Thank you very much in advance.
0568 Question 23
Re: 0568 Question 23
I didn t understand, Please try explaining one more time no?
Re: 0568 Question 23
At the point where line is tangent to curve, 10x = e^bx ------ (1)
at that point, dy/dx = b e^bx = 10 -------- (2)
from (1) put value of e^bx in (2)
so, b 10x = 10 ==> bx =1
put this in (1), so b = 10/e
at that point, dy/dx = b e^bx = 10 -------- (2)
from (1) put value of e^bx in (2)
so, b 10x = 10 ==> bx =1
put this in (1), so b = 10/e
Re: 0568 Question 23
Hi. I have a way that hopefully clears things up.
First, we set (i) 10x=e^bx because this is the point at which the two lines, y=10x and y=e^bx, will intersect in the xy-plane.
I solved for 10, and got (ii) 10=(e^bx)/x.
The derivative of y=e^bx is y'=be^bx. The derivative will equal 10 at a certain point, thus (iii)10=be^bx.

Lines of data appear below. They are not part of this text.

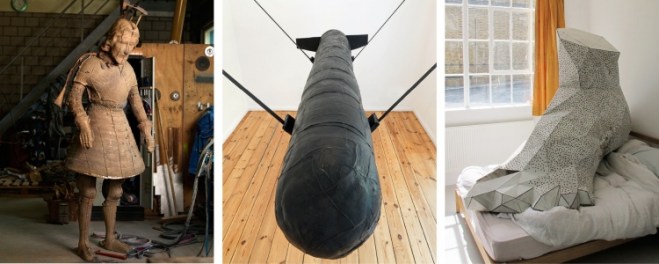 Left to right: Folkert de Jong, The Holy Land, 2014. Courtesy and Copyright Studio Folkert de Jong and James Cohan Gallery New York. Photo Aatjan Renders. Alexandra Bircken, Fellow, 2014. Courtesy the artist, BQ, Berlin and Herald St, London. Photo: Roman Maerz, Berlin. Work by Toby Ziegler. Courtesy of the artist and Simon Lee Gallery. Photo: Peter Mallet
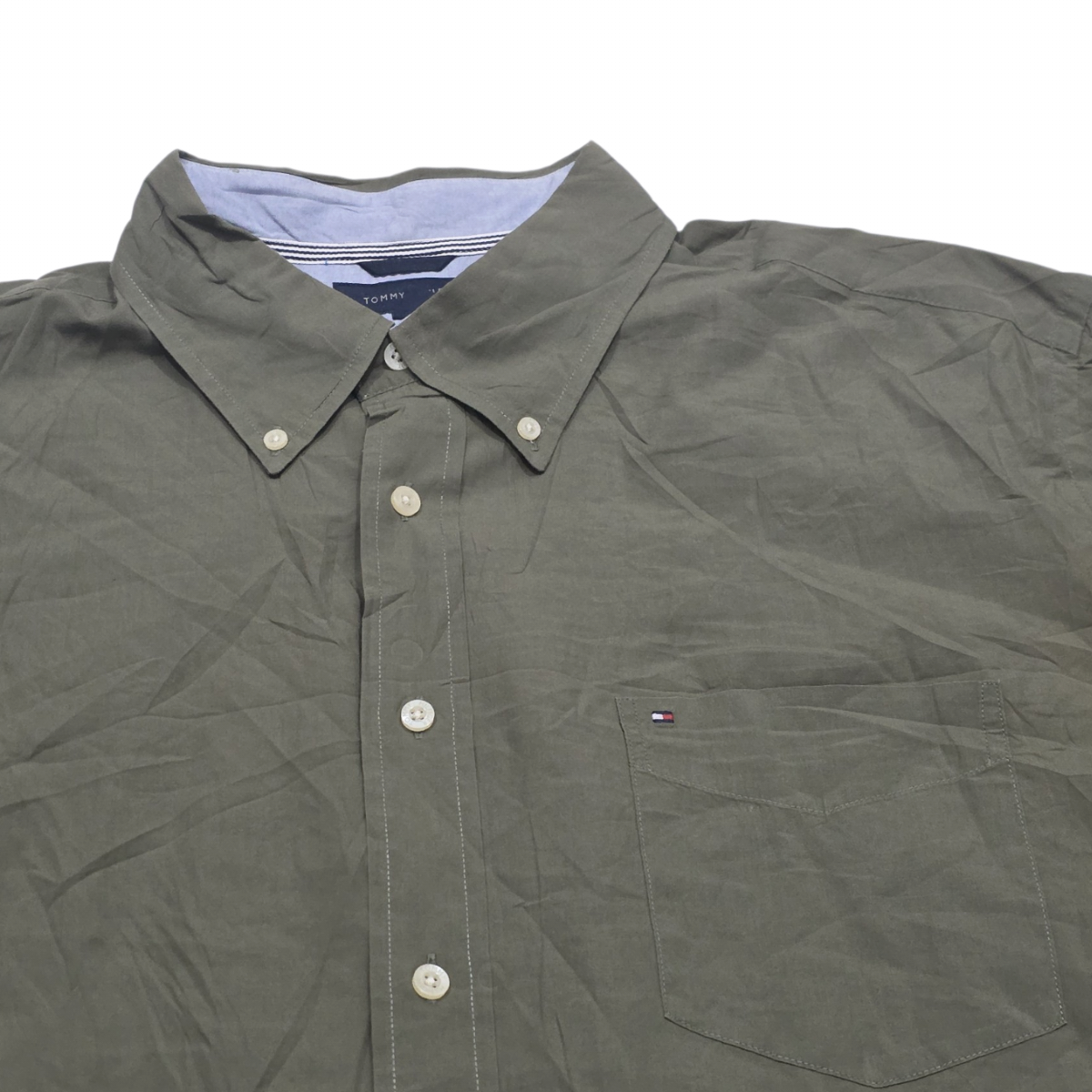 Camisa Tommy Hilfiger Xgrande Xl Verde Manga Corta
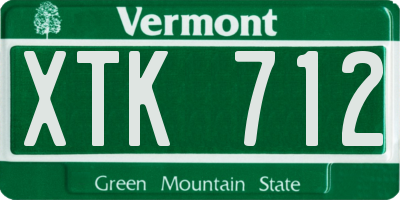VT license plate XTK712
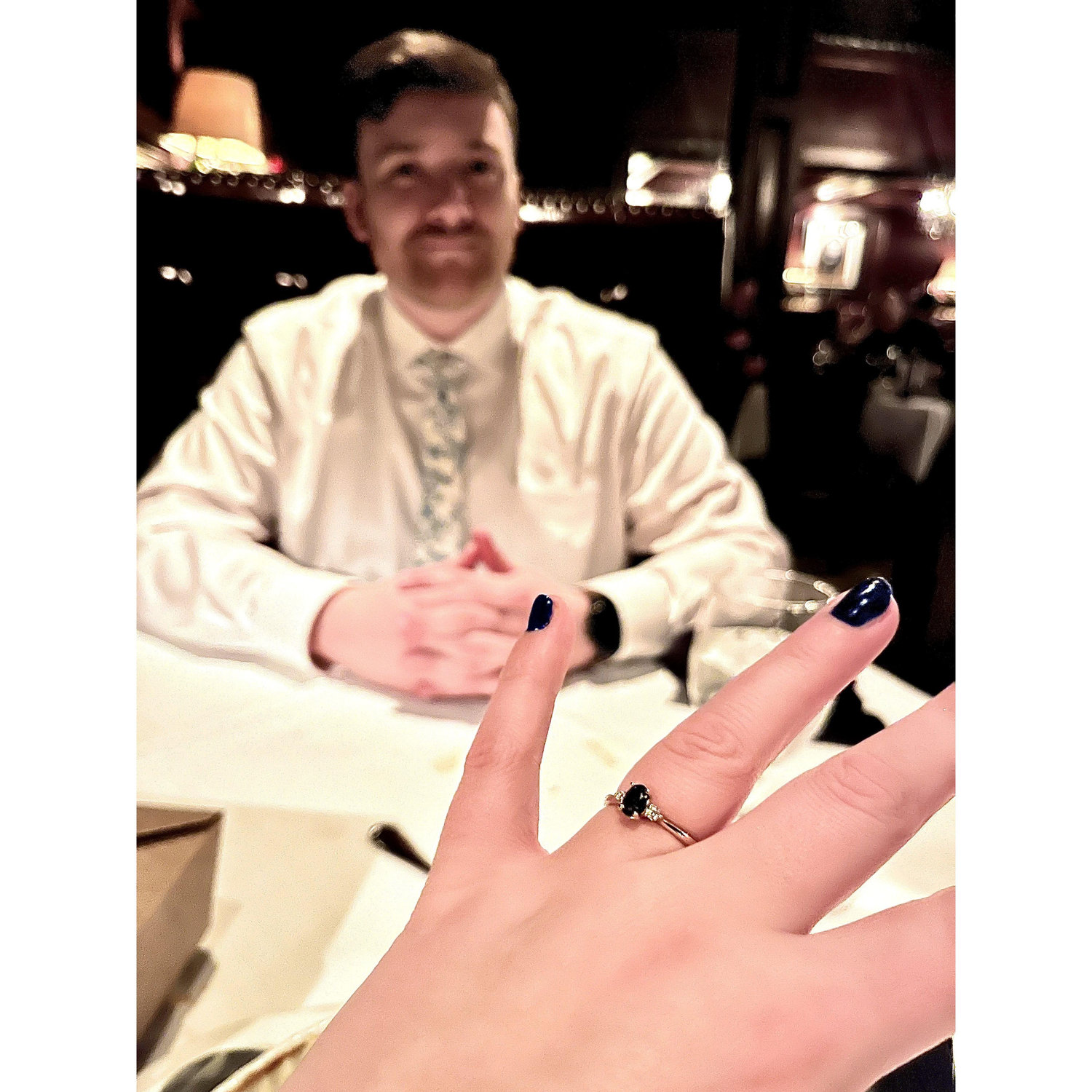 Out for dinner after peter proposed
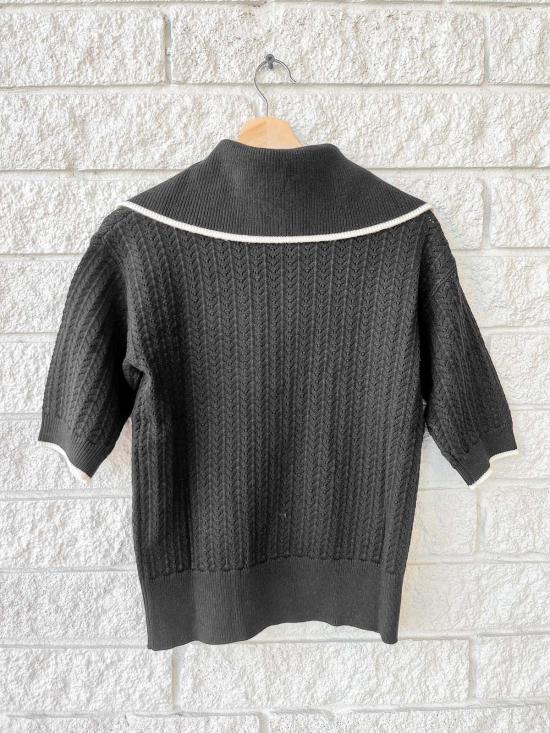  발리 반팔 티셔츠 바를리 아르니 하프 집업 니트 폴로 탑 블랙 - VARLEY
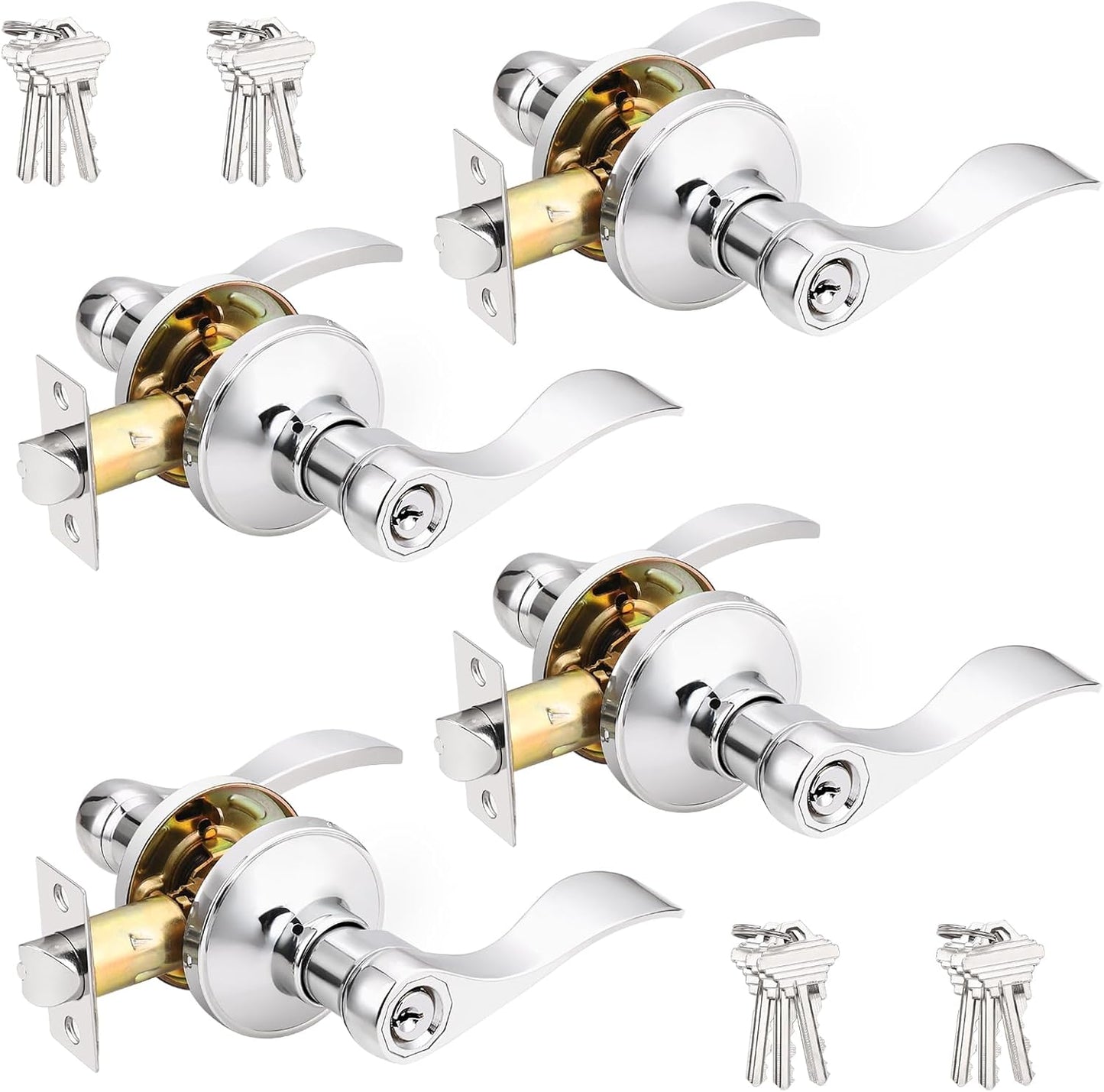 Probrico Polished Chrome Door Handles with Lock and Keys, 4 Pack
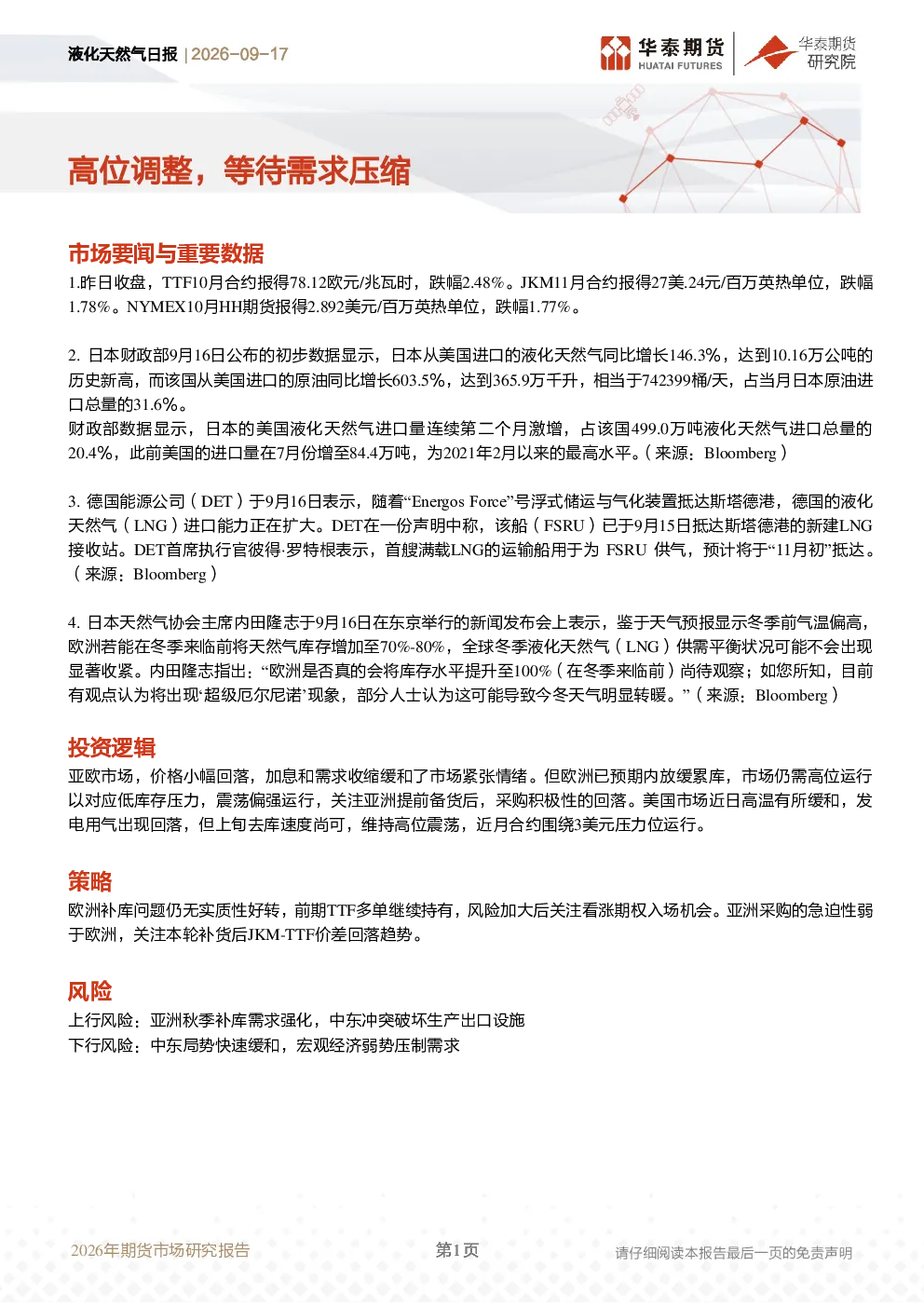 液化天然气日报：高位调整，等待需求压缩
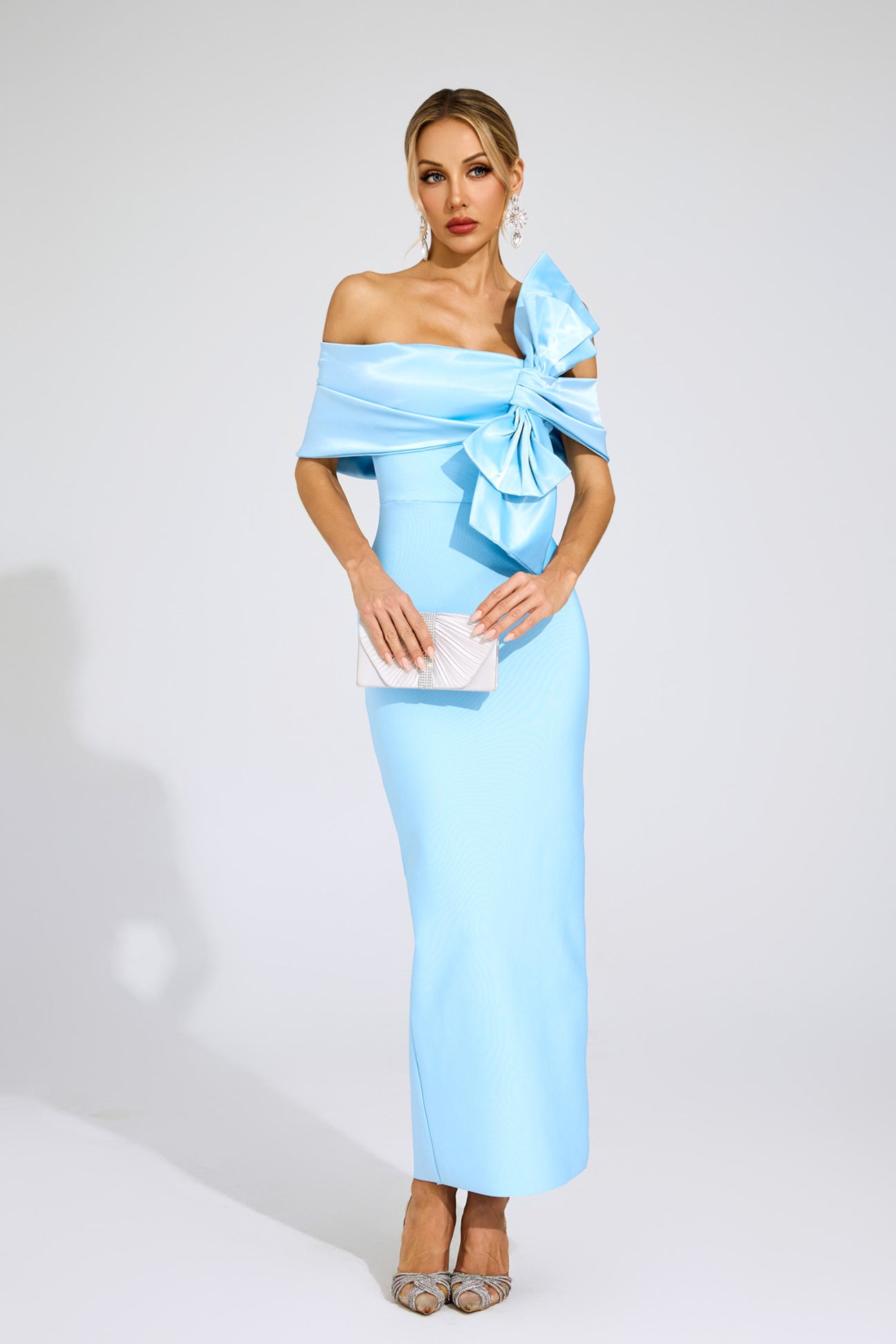 Bleu Satin Bow Gown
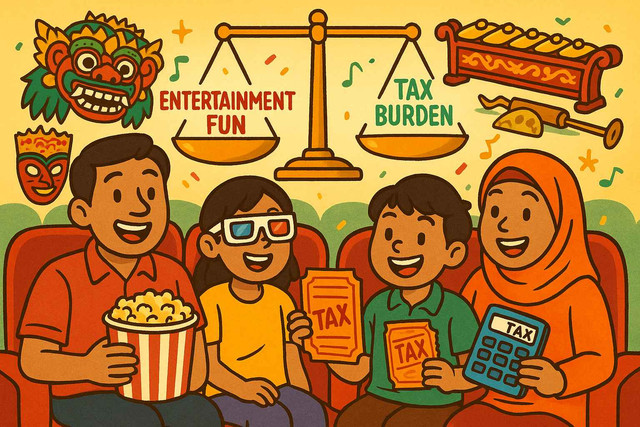 Ilustrasi Pajak Hiburan. AI Editing.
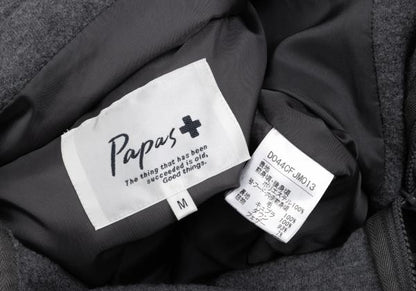 Papas Hybrid Hooded Down Vest Greige Size M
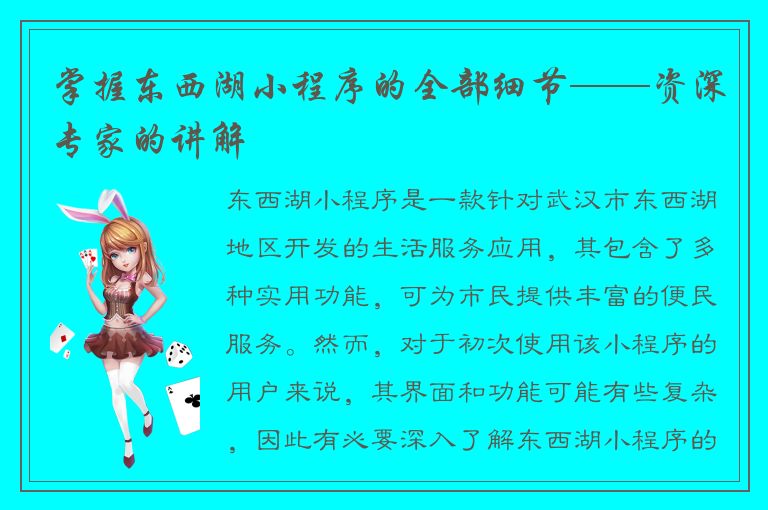 掌握东西湖小程序的全部细节——资深专家的讲解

I set the two 10's equal to each other, thus (iv) (e^bx)/x=b(e^bx). If you solve for b on the right hand side, you get (v) b=1/x.
Plug (1/x) in for b in equation (i) and we find that x=e/10.
By subbing in e/10 for x in equation (v) it's clear that b=10/e.
First, we set (i) 10x=e^bx because this is the point at which the two lines, y=10x and y=e^bx, will intersect in the xy-plane.
I solved for 10, and got (ii) 10=(e^bx)/x.
The derivative of y=e^bx is y'=be^bx. The derivative will equal 10 at a certain point, thus (iii)10=be^bx.
I set the two 10's equal to each other, thus (iv) (e^bx)/x=b(e^bx). If you solve for b on the right hand side, you get (v) b=1/x.
Plug (1/x) in for b in equation (i) and we find that x=e/10.
By subbing in e/10 for x in equation (v) it's clear that b=10/e.